Dataset section ::
======

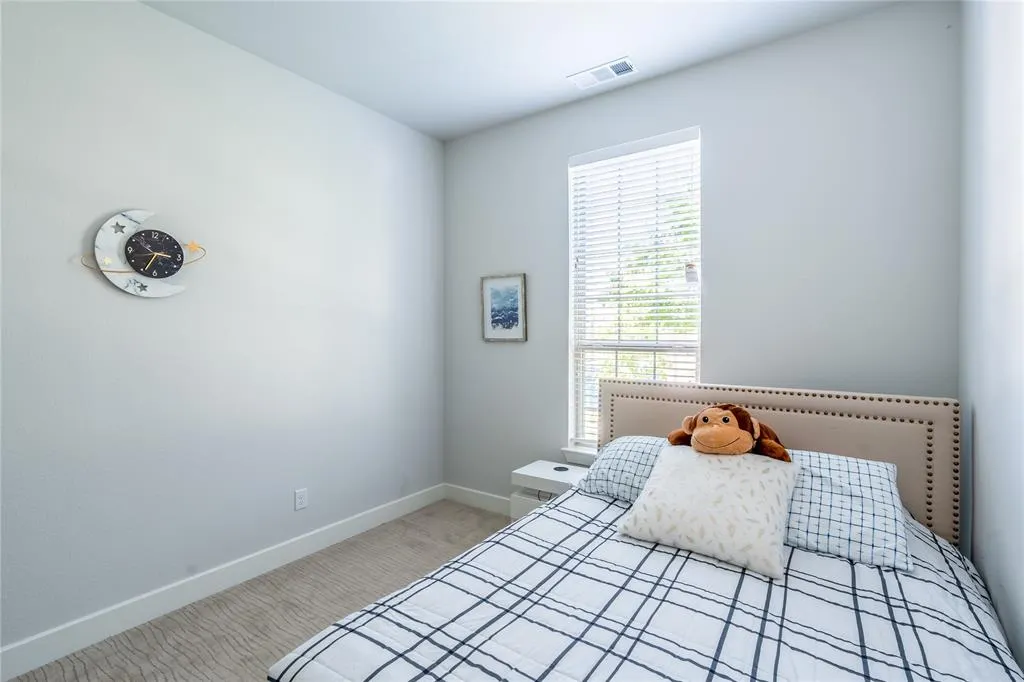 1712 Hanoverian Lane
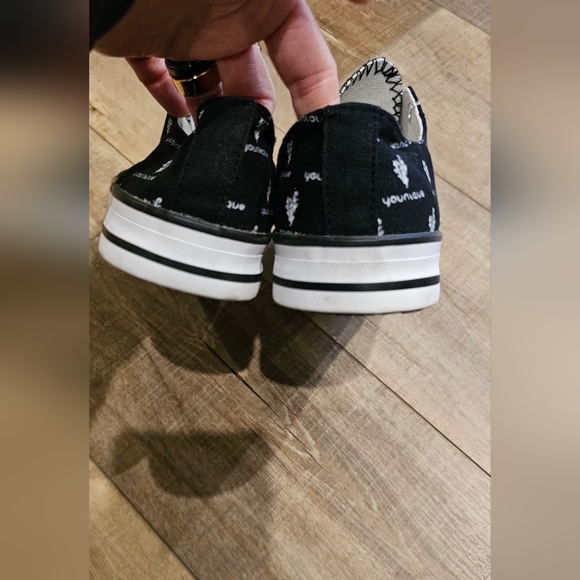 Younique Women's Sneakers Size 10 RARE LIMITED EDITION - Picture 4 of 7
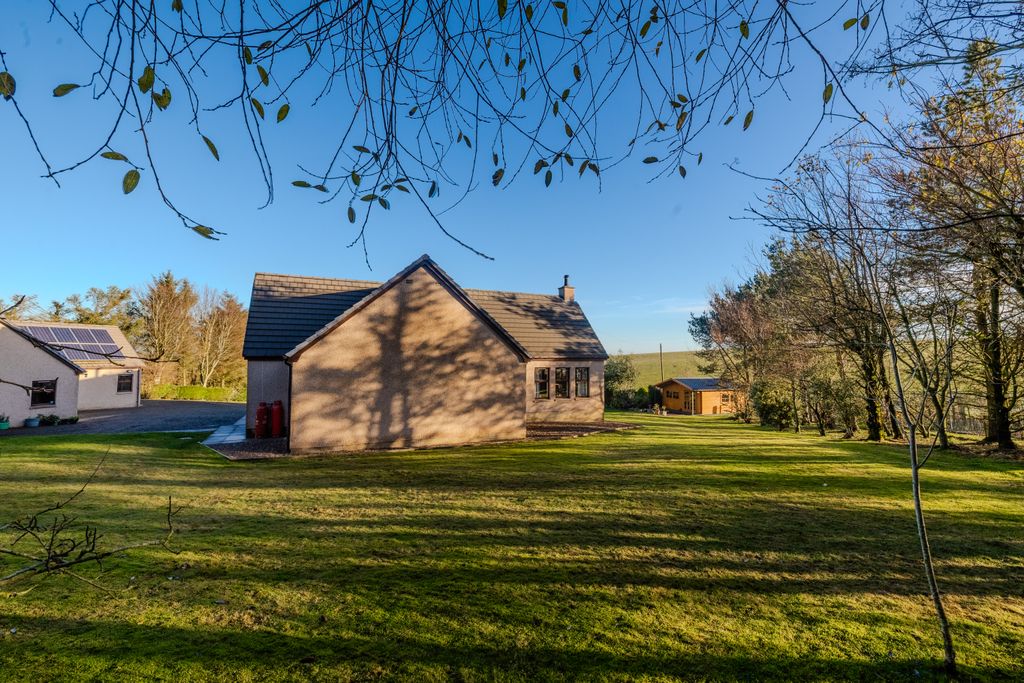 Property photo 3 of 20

======

Task objective :: The copy must reproduce the listing above verbatim and contain no pictures.

Response ::
 1712 Hanoverian Lane
 Younique Women's Sneakers Size 10 RARE LIMITED EDITION - Picture 4 of 7
 Property photo 3 of 20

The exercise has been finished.